Aim of the task: Go to the line with "Traktor Renault T" in the entries below and write out every line from there through the line with "Batoneco 30 Series", exactly and without pictures.
◇ ◇ ◇ ◇
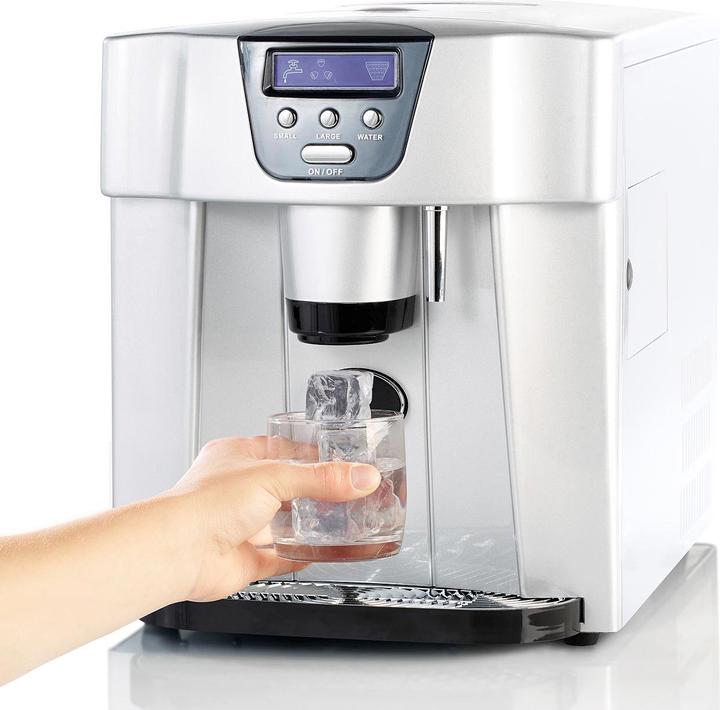 Produktbild Rosenstein & Söhne Eis- und Wasserspender (EU-Stecker)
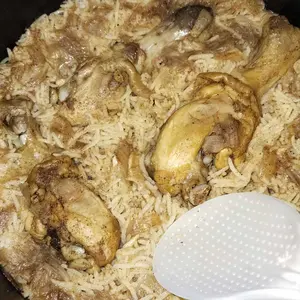paket instan nasi arab india kebuli kabsah briyani mandhi biryani kabuli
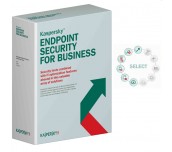Kaspersky Endpoint Security for Business - Select Eastern Europe Edition. 20-24 Node 1 year Base License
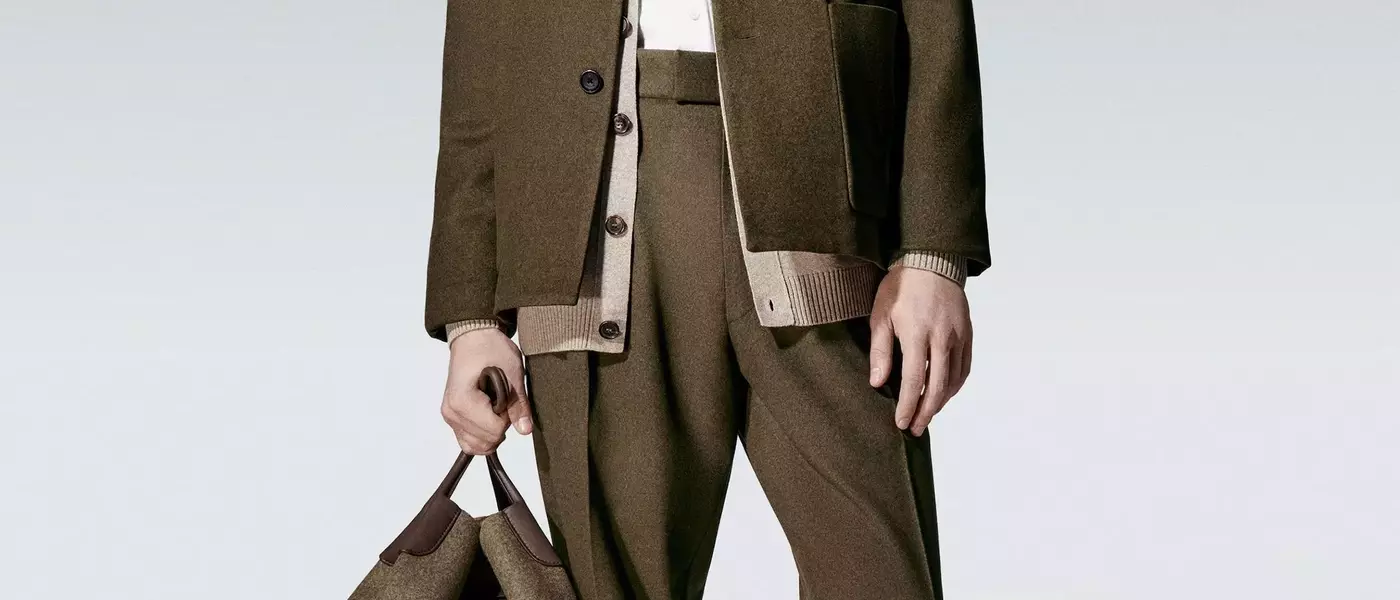 Loro Piana's Fall 2026 Collection: A Journey Through Luxury Textiles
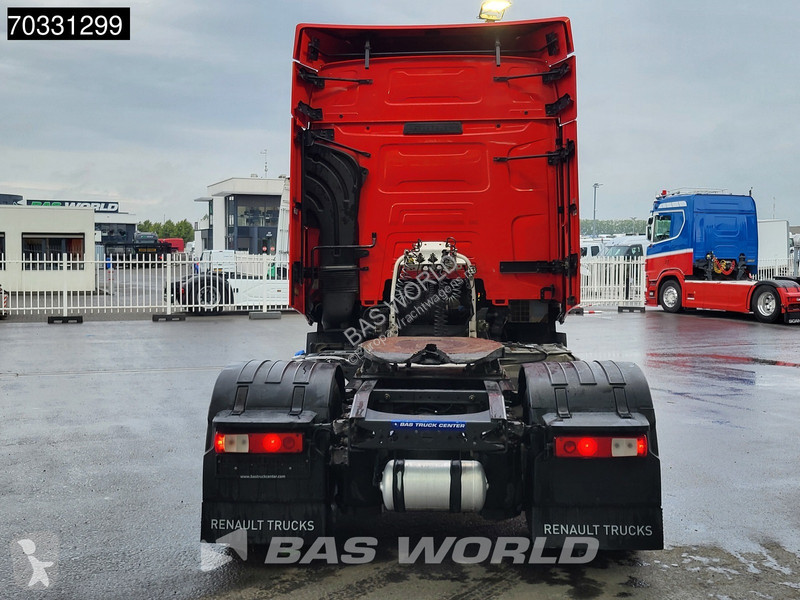 Traktor Renault T 460 4X2 SleeperCab Standklima...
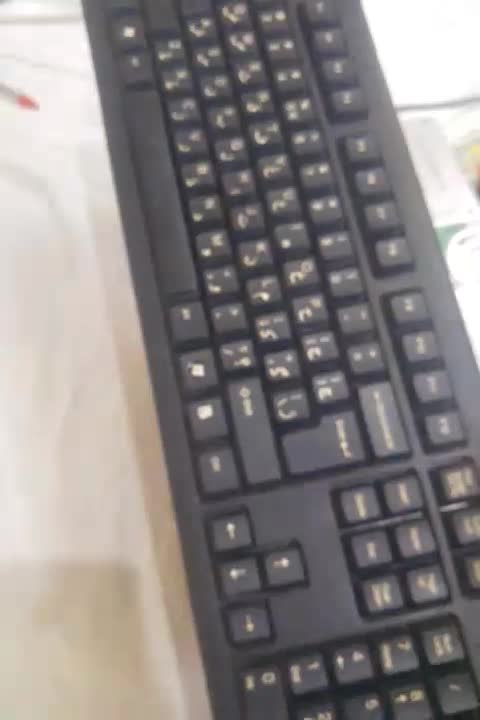 کیبورد|قطعات و لوازم جانبی رایانه|قم, کیوانفر|دیوار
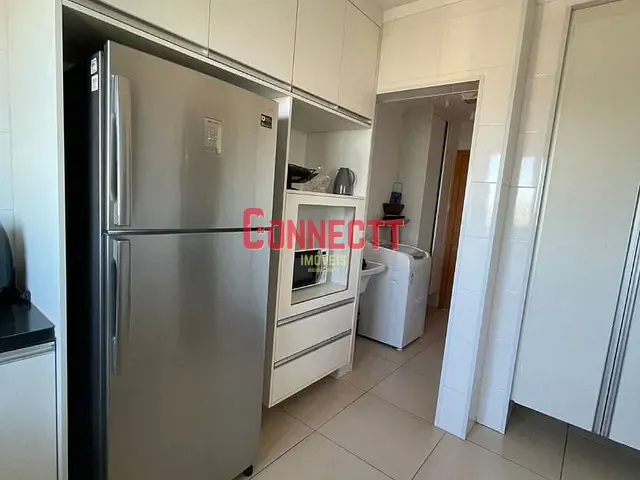 Apartamento 3 quartos e 1 banheiro, à venda, no bairro Nova Aliança em Ribeirão Preto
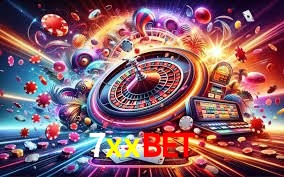 Bônus de Boas-vindas 7xxbet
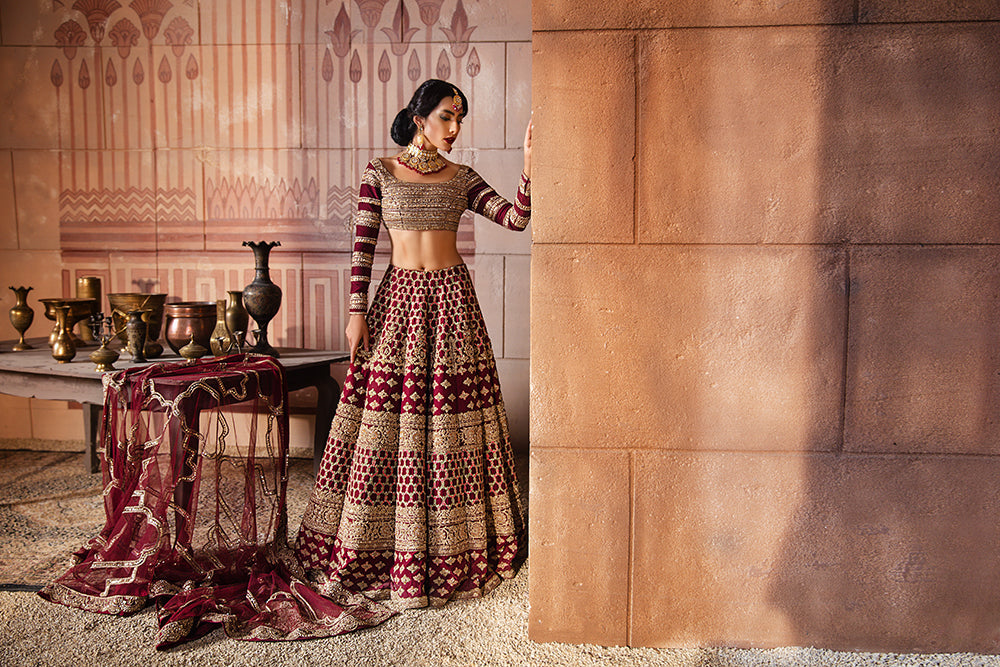 Shop Pure Magic Online at Erum Khan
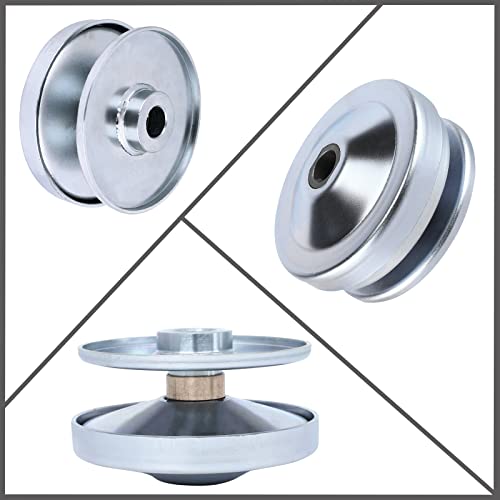 Batoneco 30 Series Go Kart Torque Converter Driver Clutch Replacement For Comet Manco 3/4" Bore Max Torque/Go Kart 219552,5957 #TOP4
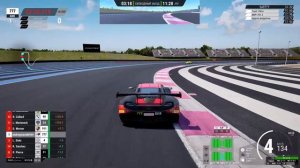 Assetto Corsa Competizione прохождение карьеры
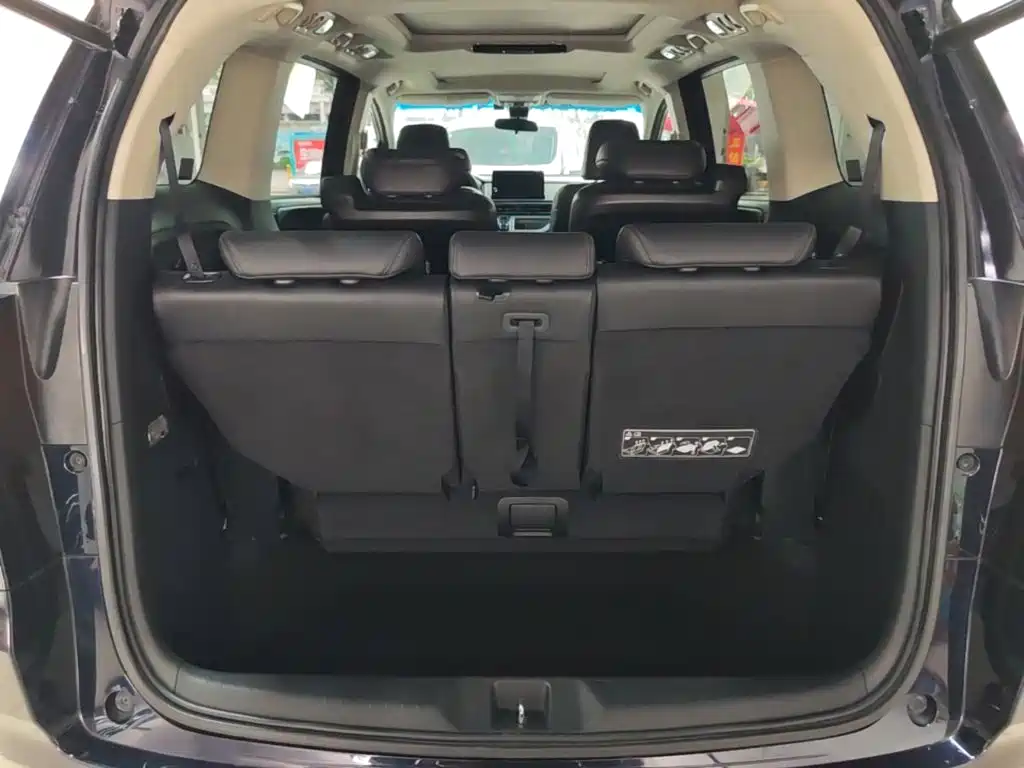 Honda Odyssey — миниатюра 19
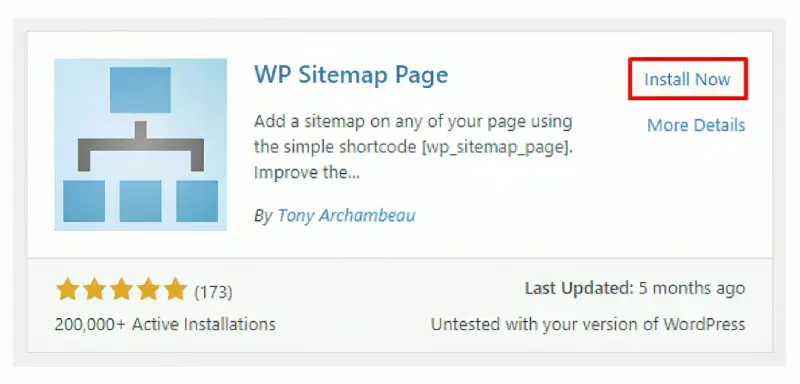 cara membuat sitemap di wordpress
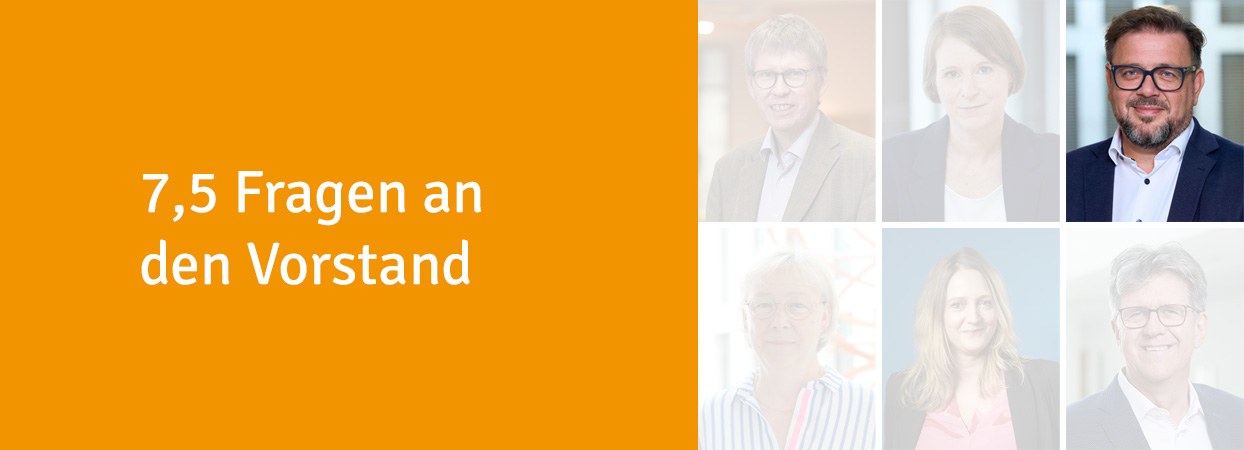 Fragen an den Vorstand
◇ ◇ ◇ ◇
Output for this exercise:
 Traktor Renault T 460 4X2 SleeperCab Standklima...
 کیبورد|قطعات و لوازم جانبی رایانه|قم, کیوانفر|دیوار
 Apartamento 3 quartos e 1 banheiro, à venda, no bairro Nova Aliança em Ribeirão Preto
 Bônus de Boas-vindas 7xxbet
 Shop Pure Magic Online at Erum Khan
 Batoneco 30 Series Go Kart Torque Converter Driver Clutch Replacement For Comet Manco 3/4" Bore Max Torque/Go Kart 219552,5957 #TOP4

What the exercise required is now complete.